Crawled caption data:
----------------
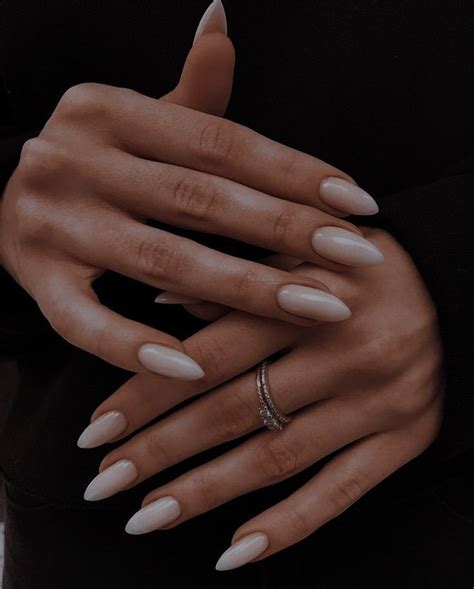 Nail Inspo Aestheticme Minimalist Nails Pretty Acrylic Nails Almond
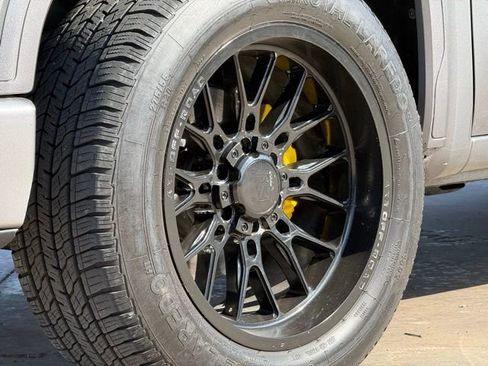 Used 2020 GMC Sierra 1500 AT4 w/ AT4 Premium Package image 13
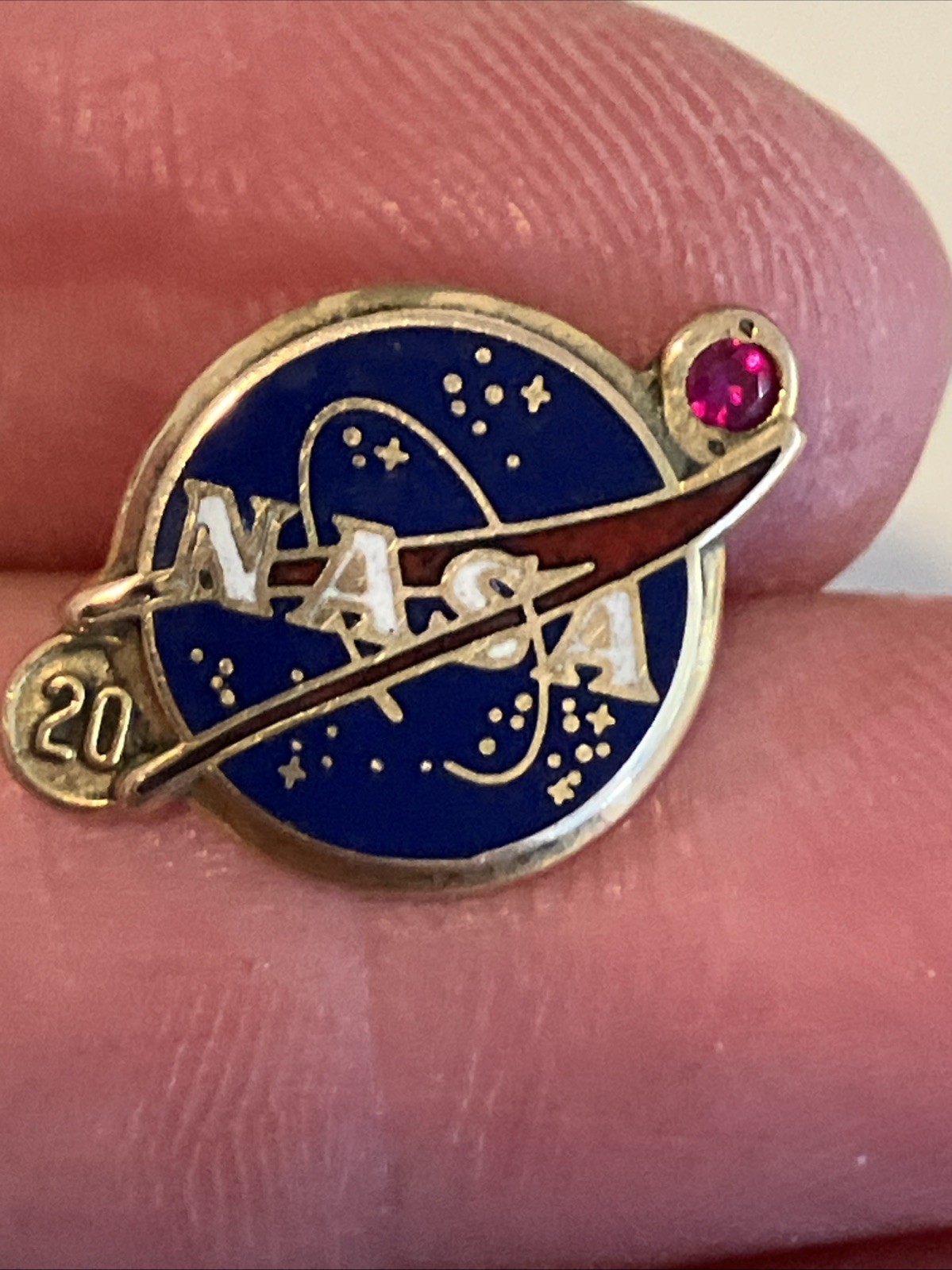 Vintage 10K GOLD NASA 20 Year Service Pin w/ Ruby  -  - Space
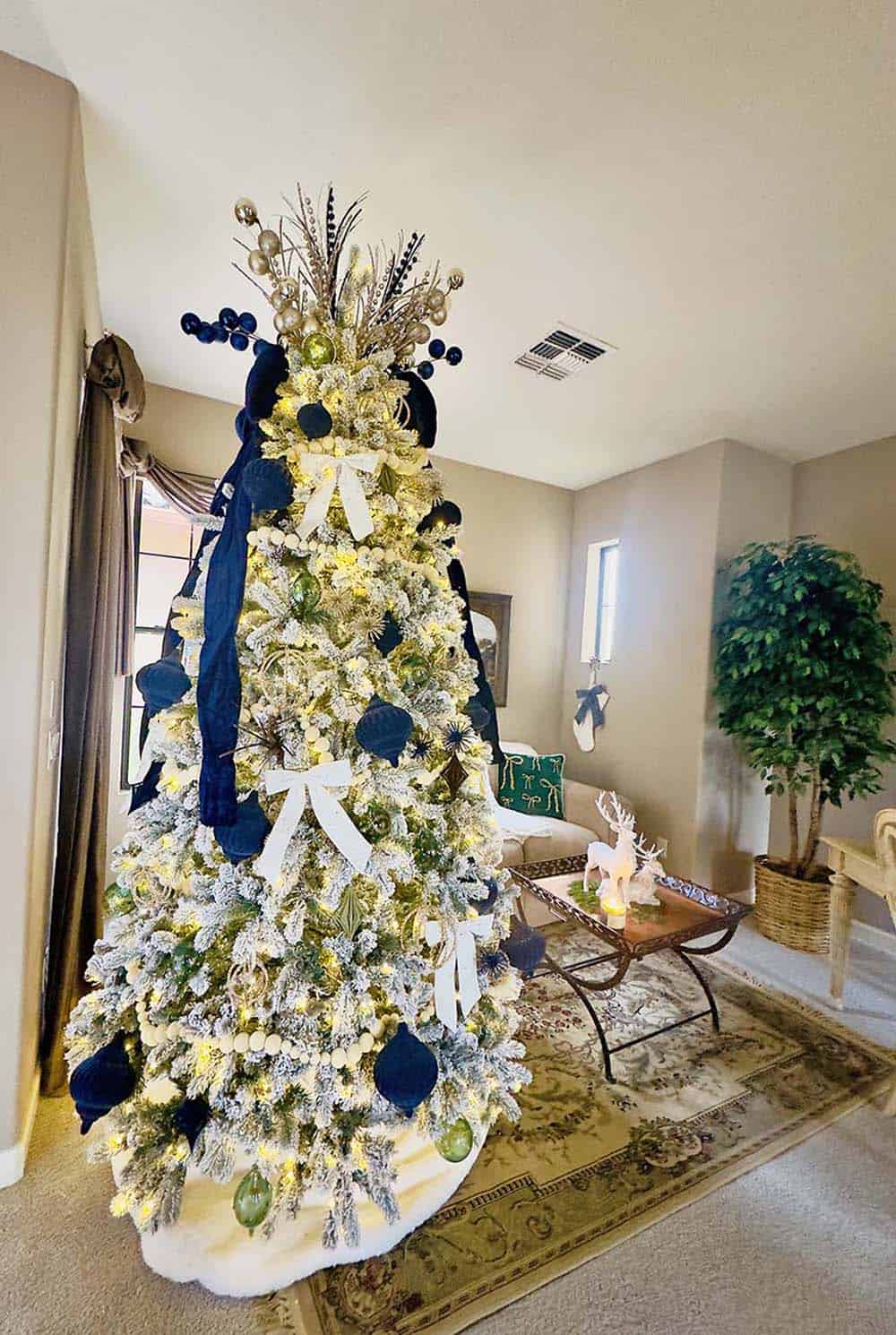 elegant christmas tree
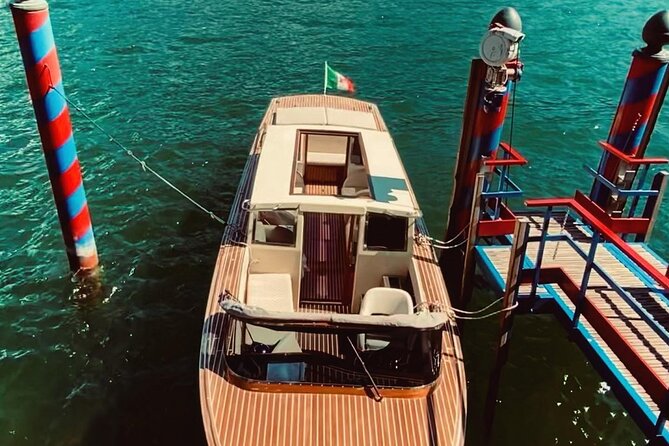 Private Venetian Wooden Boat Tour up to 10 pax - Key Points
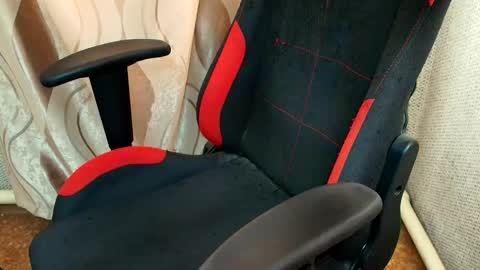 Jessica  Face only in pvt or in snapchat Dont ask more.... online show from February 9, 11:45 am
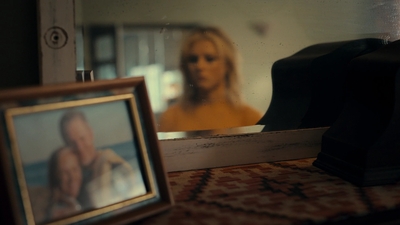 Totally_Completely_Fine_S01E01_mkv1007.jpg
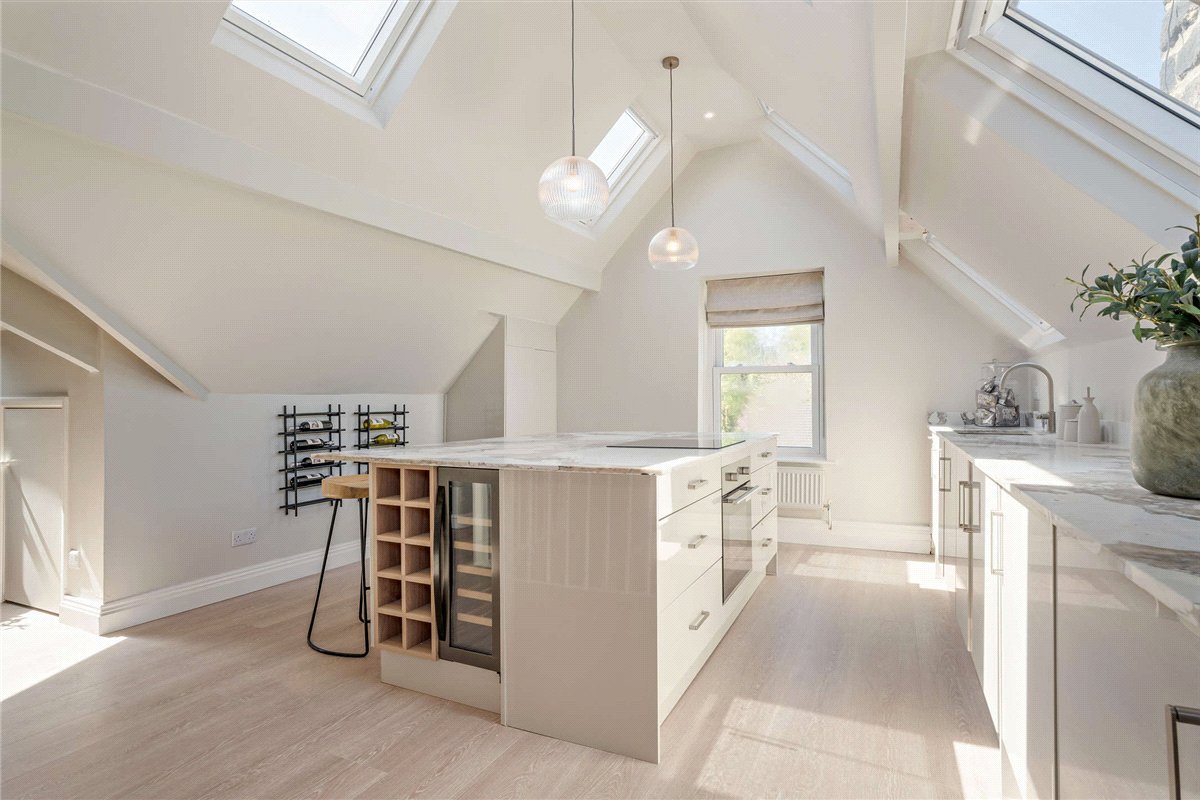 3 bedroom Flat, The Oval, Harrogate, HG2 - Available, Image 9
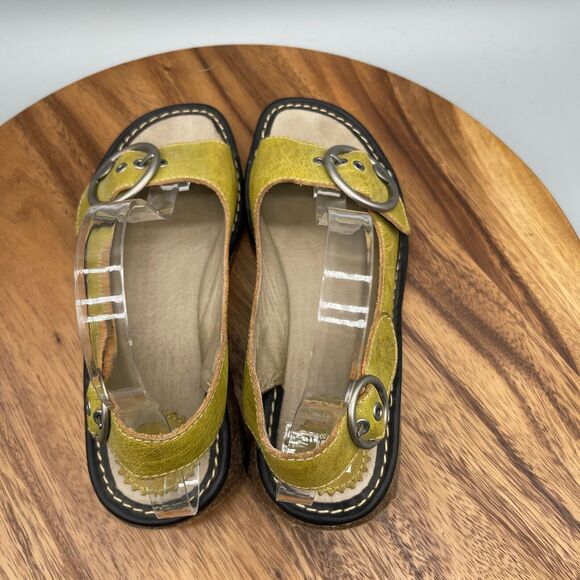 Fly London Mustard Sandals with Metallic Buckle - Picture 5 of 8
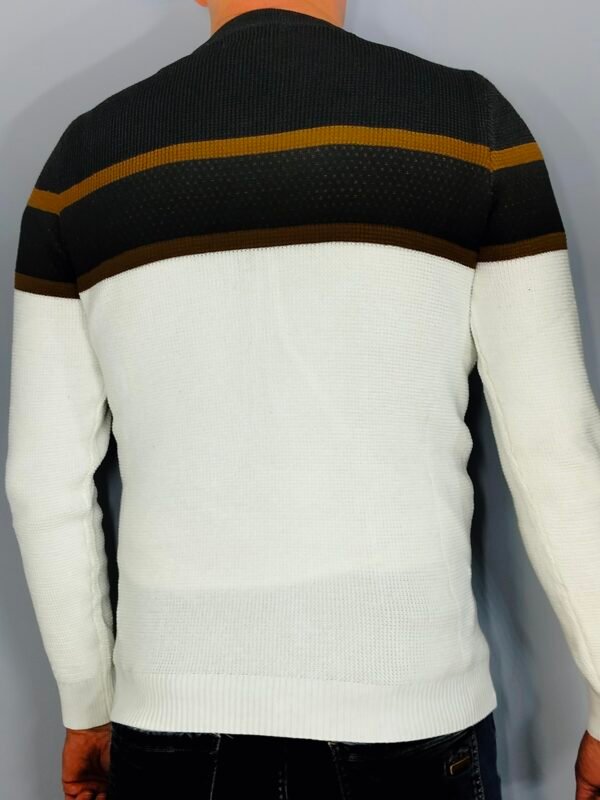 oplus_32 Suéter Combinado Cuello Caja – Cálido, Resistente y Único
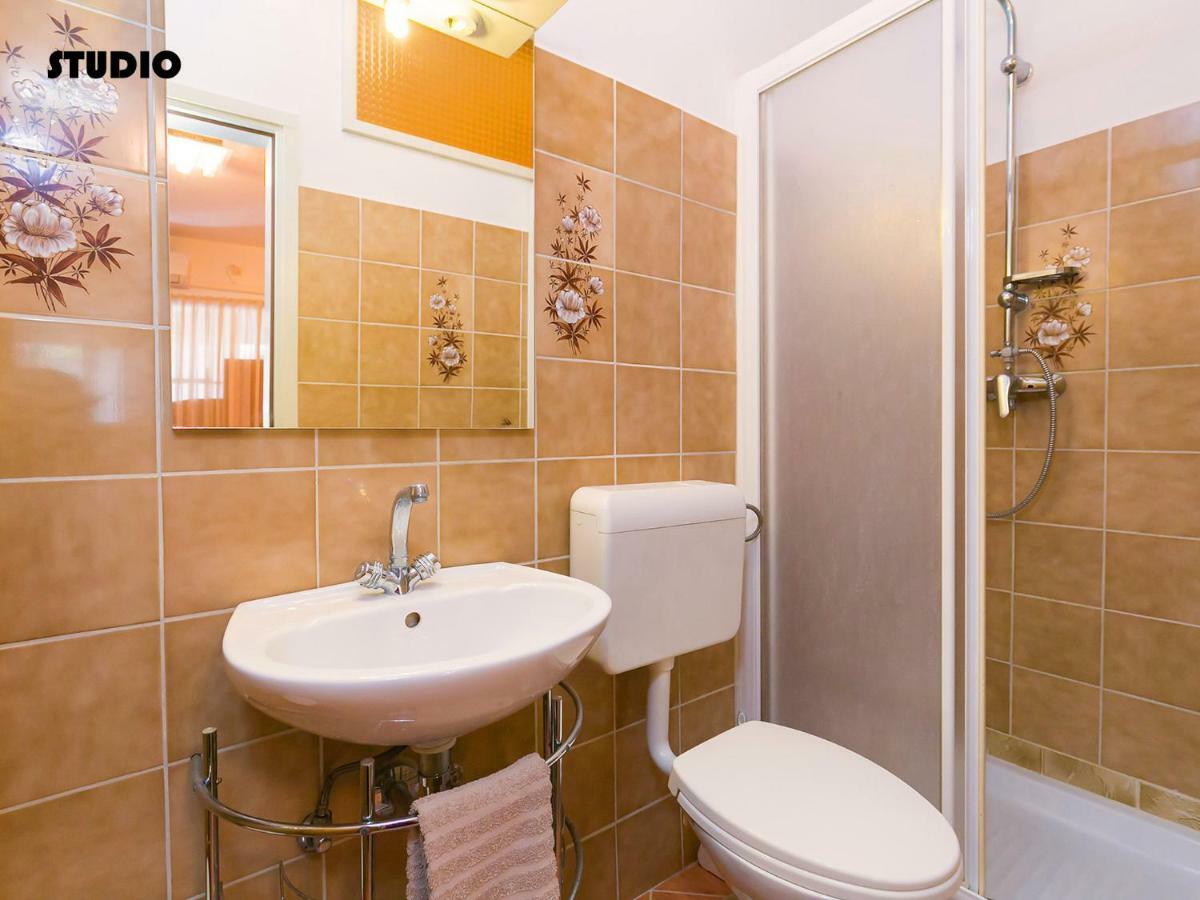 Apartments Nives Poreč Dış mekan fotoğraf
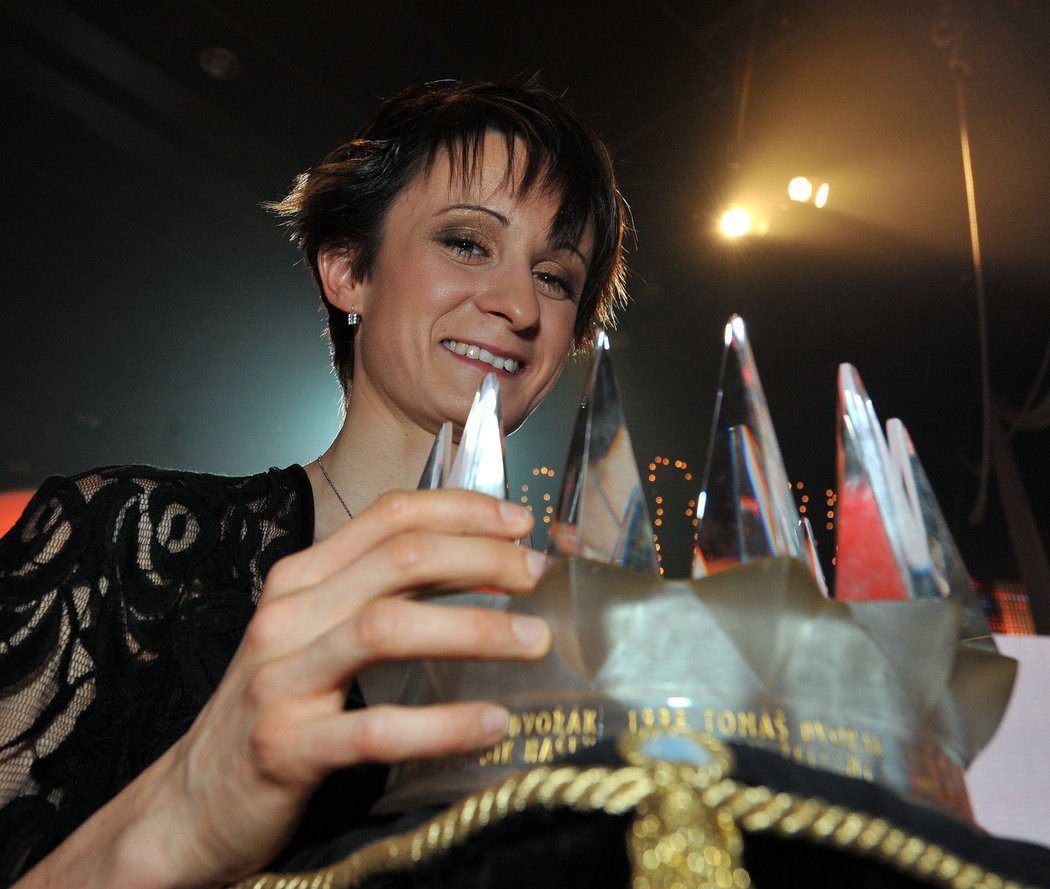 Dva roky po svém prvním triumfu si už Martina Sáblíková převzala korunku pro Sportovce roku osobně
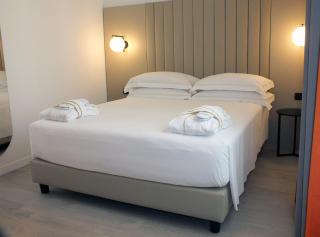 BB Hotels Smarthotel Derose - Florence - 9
----------------
TO DO = All lines from the one containing "Totally_Completely_Fine_S01E01_mkv1007.jpg" through the final line of the records are to be retyped exactly; no other lines and no pictures are to be included.

YOUR RESPONSE =
 Totally_Completely_Fine_S01E01_mkv1007.jpg
 3 bedroom Flat, The Oval, Harrogate, HG2 - Available, Image 9
 Fly London Mustard Sandals with Metallic Buckle - Picture 5 of 8
 oplus_32 Suéter Combinado Cuello Caja – Cálido, Resistente y Único
 Apartments Nives Poreč Dış mekan fotoğraf
 Dva roky po svém prvním triumfu si už Martina Sáblíková převzala korunku pro Sportovce roku osobně
 BB Hotels Smarthotel Derose - Florence - 9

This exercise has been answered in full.